Исчезнет ли этот призрак, видение, женщина? В нашей памяти никогда, потому что нас пленяет неопределенная красота её имени, а не значение в энциклопедии. Мы не знаем ее внешности и не хотим знать. Преходящая внешность зависит от десятков внешних и внутренних причин — от возраста, одежды, окружения, настроения, атмосферы… Сфера её влияния очень невелика и во многом реагирует на наш темперамент. Тогда как имя в его бесконечных ассоциациях остается навсегда — то ли полузабытым воспоминанием, то ли яркой жизненной звездой, то ли дразняще неопределенным, но мучительным капризом. Судьба Алмеи не имеет значения:

"Сгорит ли она, словно огненные цветы?

Перед этой роскошной необъятностью, где чувствуется

Дыхание безмерно расцветающего города!"

Может, этот город имеет название, скорей всего, нет. Неудержимость амбиций Рембо часто перехлестывает это мир:

"Это слишком прекрасно! Это слишком прекрасно!"
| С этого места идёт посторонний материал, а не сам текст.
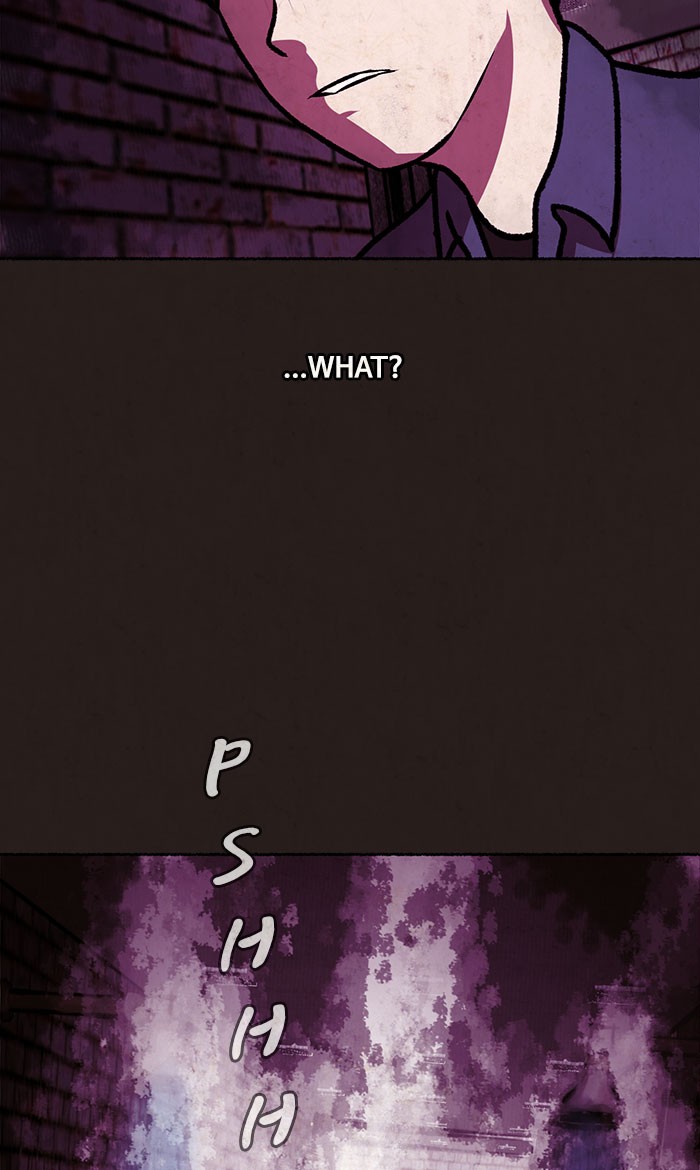 Escape Room Chapter 6 - page 37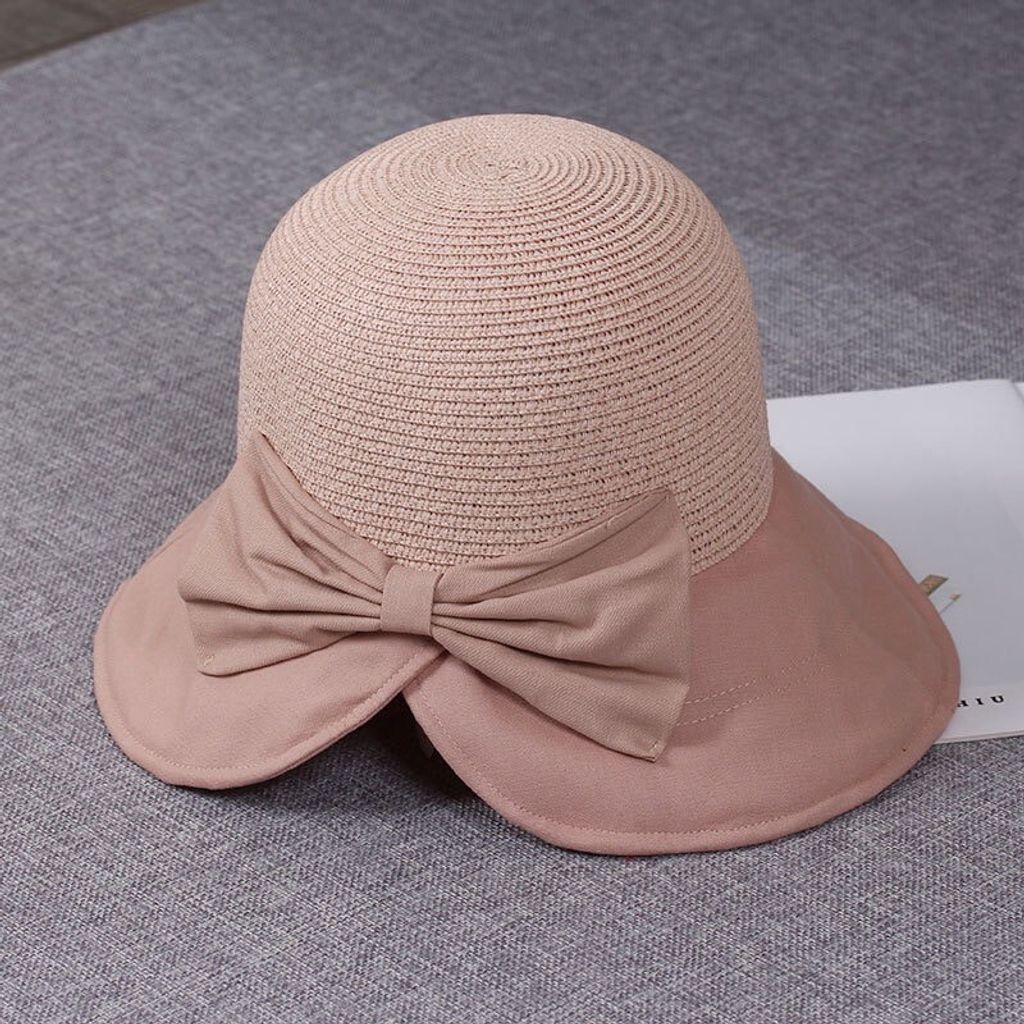 2DD19097-BA50-4F0B-A8F6-B88812E3411C-1729583505489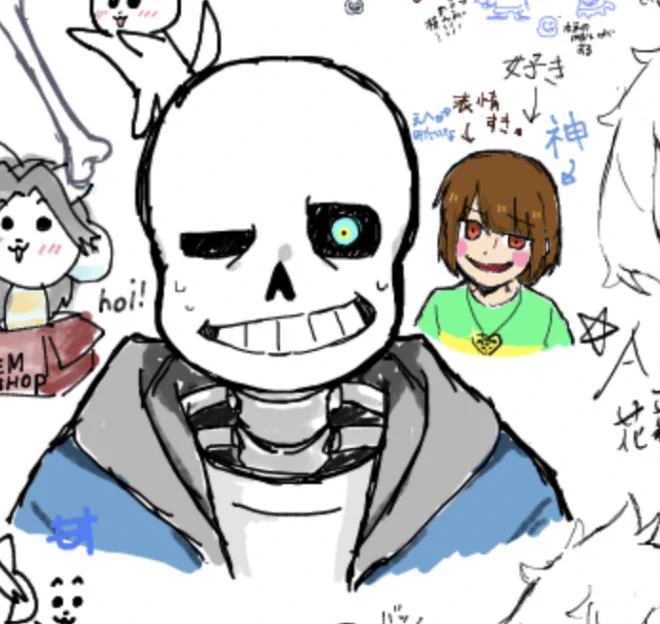 楽しかった➰❗️ 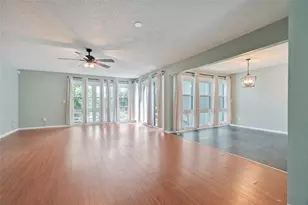 1923 Lake Alden Dr, Apopka, FL 32712 - Photo 3
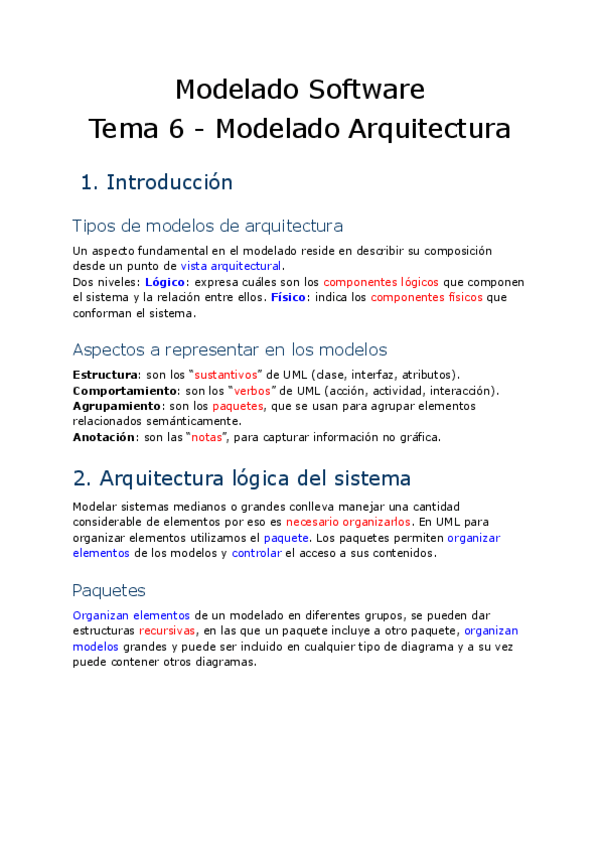 Miniatura del documento Tema-6.pdf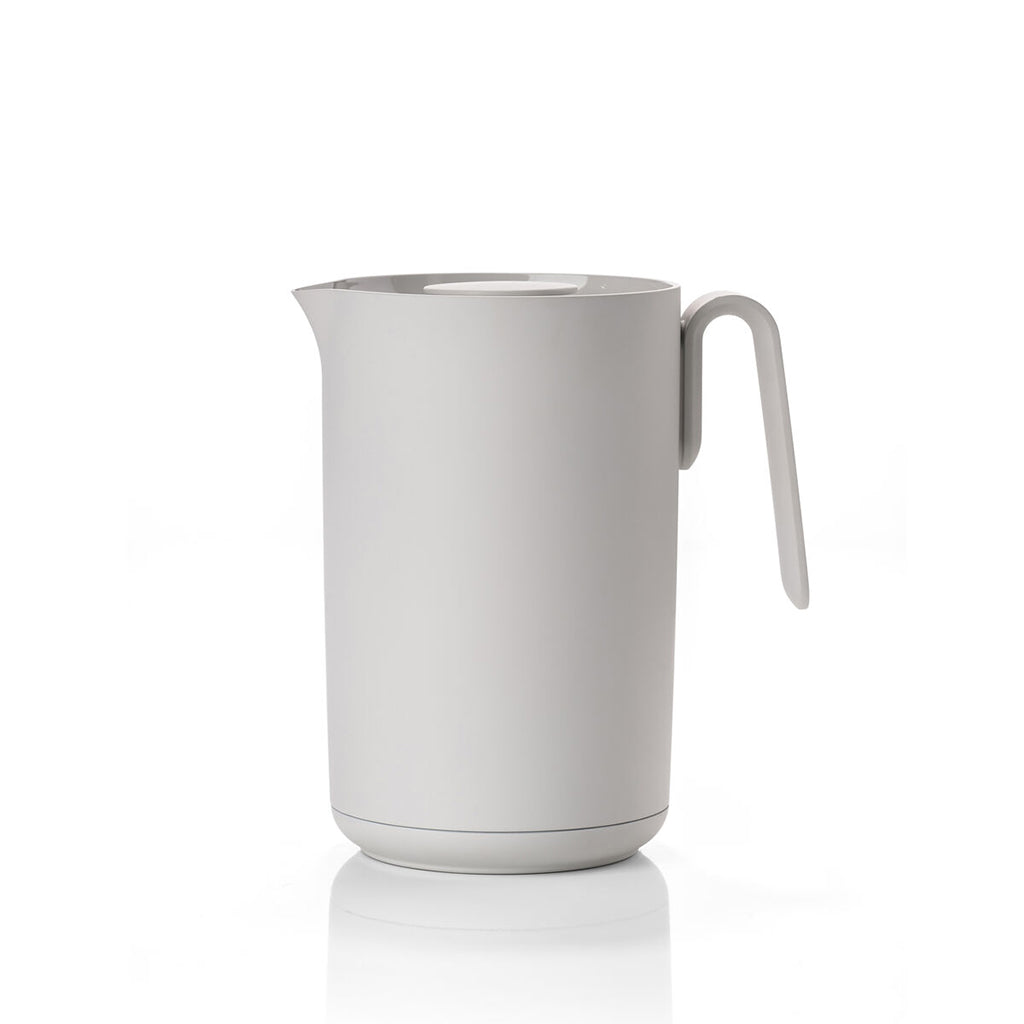 iF Design - Singles Slow brewer Thermo jug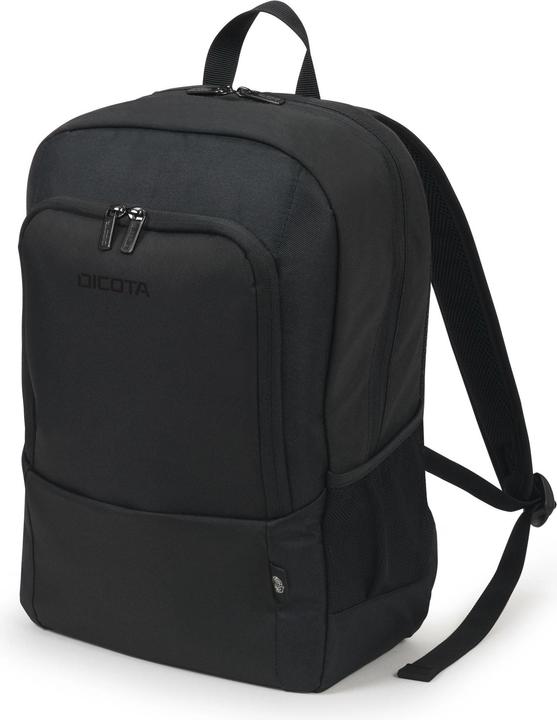 Image du produit Dicota Eco Base (28 l)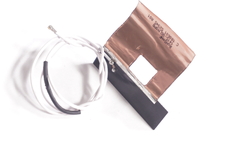 50.GZCN5.009 for ACER -    Wireless Antennas SF315-52-52YN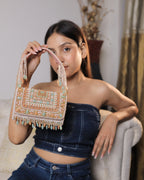 Tassel Tango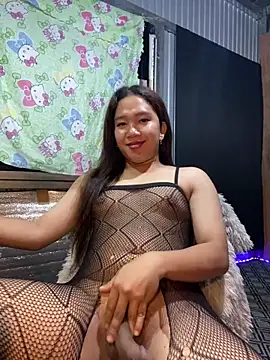 Snapshot of slut_clio chatting on April 14, 2026, 10:54 am slut clio online show from April 14, 2026, 10:54 am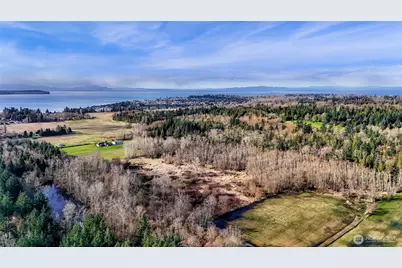 8505 Shintaffer Road, Blaine, WA 98230 - Photo 15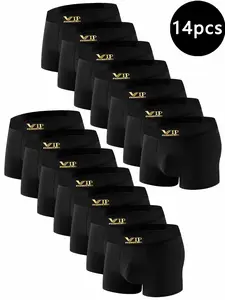 Vip Kr Gold Letter Men's Fashion Sportswear, Pure Simple Design, Soft Comfortable Fabric, Ideal for Running and Fitness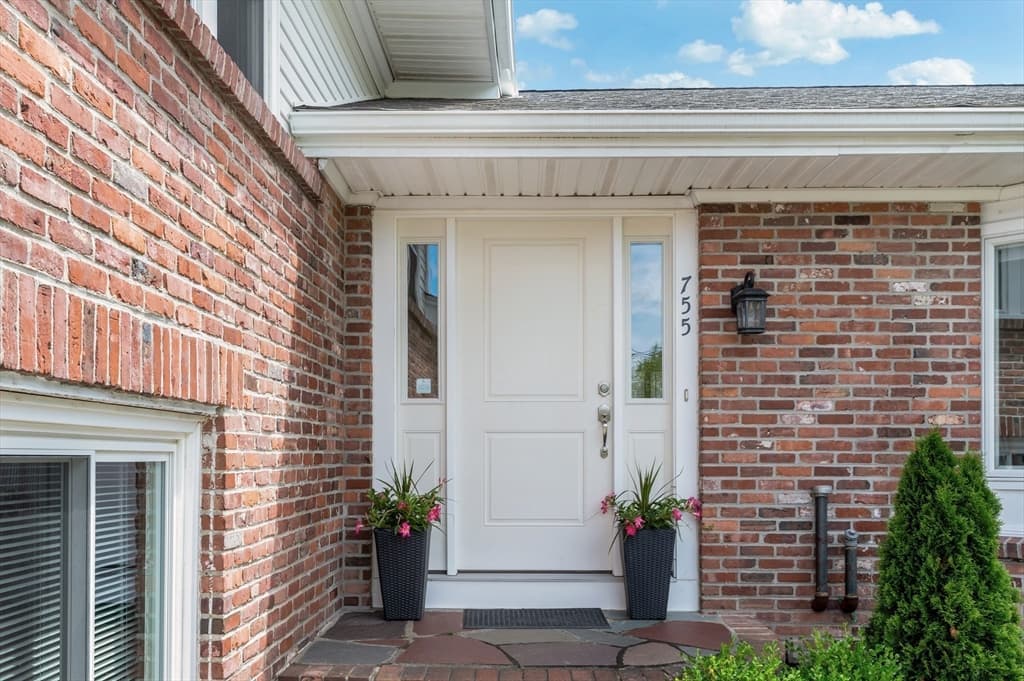 755 Main Street, Hanover MA 02339 photo 6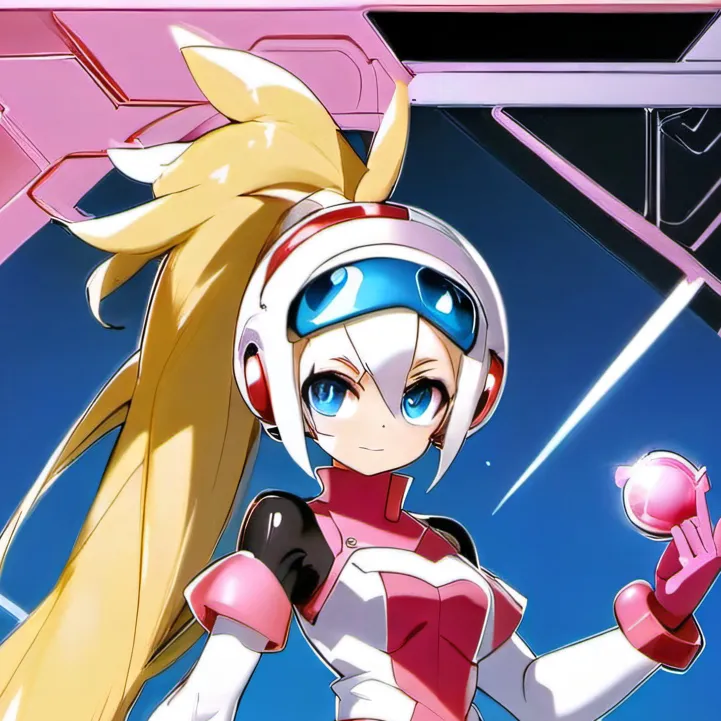 chat with ai character: Ciel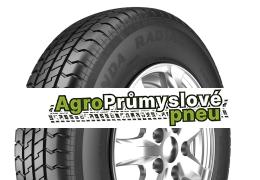KENDA KR16 KARGO PRO 195/50 R13 104/101N TRAILER M+S KENDA KR16 KARGO PRO 195/50 R13 104/101N TRAILER M+S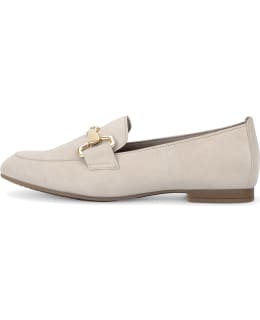 GABOR 85.211.12-8 W.LOAFERS Main Image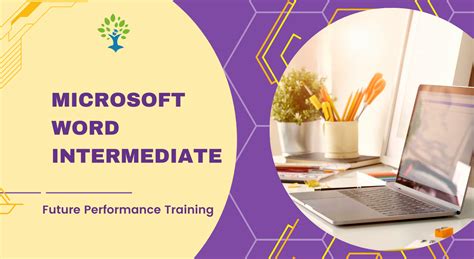 Afbeeldingsresultaten voor Microsoft Word Tutorial Intermediate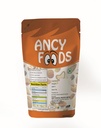 ancy-khus-khus-powder-250g-pack-of-3-71rgtRHRYzL.jpg
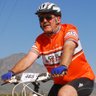 retiefdv's profile picture. Based in Strand on the False Bay coast near Cape Town,freelance business analyst. amateur photographer, MTB cyclist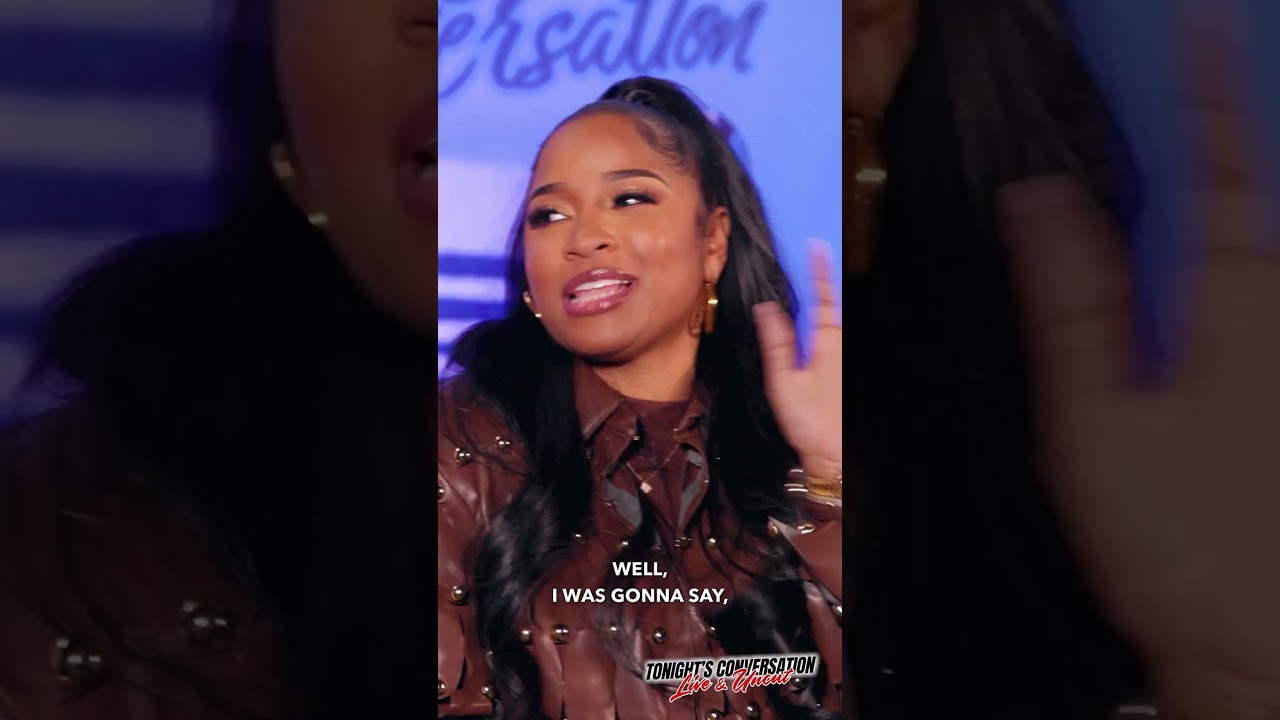 She found out her husband’s been cheating…and invited his mistress to dinner to confront him.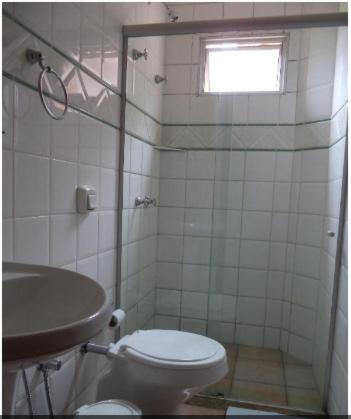 Villa Verde Hotel Hotel 5*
Но здесь насущная необходимость в понимании поэта. Для кого, для чего? Необходимо для грешницы или песни корсара. И еще. Чтобы последние маски верили в праздники ночи на светлом море! Таково понимание необходимости в мировоззрении поэта. Явление Алмеи дает стройную композицию ирреальному и неведомому пейзажу.

Стихотворение непонятно, однако удивительно лирично для чуждого и враждебного Рембо. Вообще, лиризм для него — один из холодных стилистических приемов. Он не любит людей и, за редким исключением, чуждается какой бы то ни было близости. "Любовь надо изобрести заново", — одно из классических его выражений. Во фрагменте из "Озарений" под названием "Н" — один из примеров подобной любви ( "Н" — не произносимо по-французски ).

"Все формы монструозности терзают горькие жесты Ортанз. Ее одиночество — механическая эротика, ее утомление — динамическая любовь. Под охраной детства она была в многочисленные эпохи пылающей гигиеной рас. Ее дверь открыта нищете. Там мораль современных существ распадается в ее страсти или в ее акции. О ужасное дрожание новых любовников на окровавленной почве, затянутой белым водородом! Ищите Ортанз". Сказать, что это таинственно, загадочно, сверхнепонятно, мистериально — ничего не сказать. Подобная поэзия даже не для поэтов — неизвестно для кого.